Sunday, September 20, 2015

The 1920s in Fact and Fiction

“The Roaring Twenties” has captured the imagination of many people.  The decade prior to the Great Depression seems to offer a rich and exciting tapestry of booze, flappers, and jazz.  The reality, however, was much different than what we imagine or even what we see in period photos.  Recently, many non-fiction and fiction books have taken the 1920s as their subject or the setting for their stories. 

The following are a small sample of the books available through the library.  If there is another topic or subject that interests you the librarians will be more than happy to help you choose your next book.

First here are some recent fiction books set during the 1920s:

Libba Bray, The Diviners (2012) YA
Evangeline Mary O’Neill, Evie to all of her friends, has a special power that allows her to see the secrets of people whose personal items she holds.  When she uses this power during a party and reveals the hidden secret of the son of a wealthy and powerful townsperson, Evie is exiled by her parents from her hometown of Zenith, Ohio to live with her Uncle Will in Manhattan.  Along with her pen pal and friend, Mabel, Her Uncle Will, and his assistant and ward Jericho, Evie is drawn into the search for an elusive killer stalking the streets of 1920s New York City. This book is the first of an anticipated triology.  The second book, Lair of Dreams, has recently been released and picks up where the firstbook left off.  

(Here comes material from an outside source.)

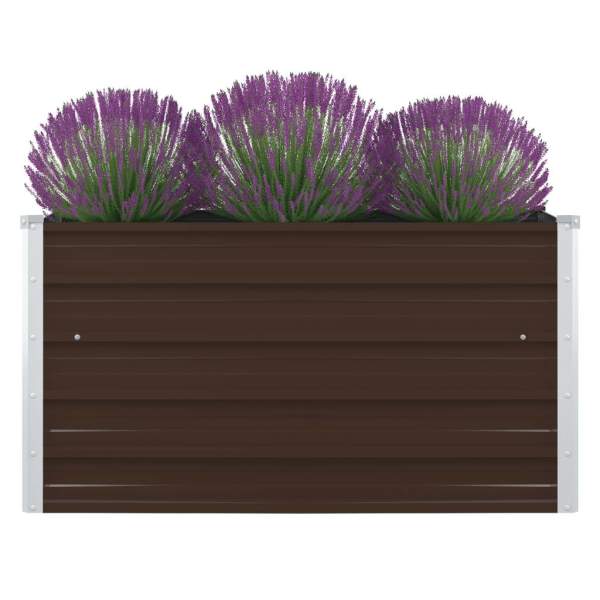  Hochbeet 100 x 100 x 45 cm Verzinkter Stahl Braun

Although marketed for a YA audience this book has plenty for adults to like.  If you enjoy mysteries and supernatural/paranormal thrillers this book will definitely interest you.  Occasionally the 1920s-era slang can be a little much, but fortunately its usage doesn’t derail the storytelling to any serious degree.

It’s the summer of 1925.  Thirteen year-old Emily Stewart discovers she has a unique gift.  Without any noticeable movements she can produce a distinct knocking noise from her ankle.  Along with her twin brother, Michael, they begin to convince neighborhood children that they can speak to the dead.  Soon, news of these “spirit knockings” leaks out to the adults.  From there Emily and Michael discover that this game of theirs gets too close to real grief and family secrets.

These non-fiction books examine different aspects of the 1920s and are sure to include stories to interest readers with many different tastes.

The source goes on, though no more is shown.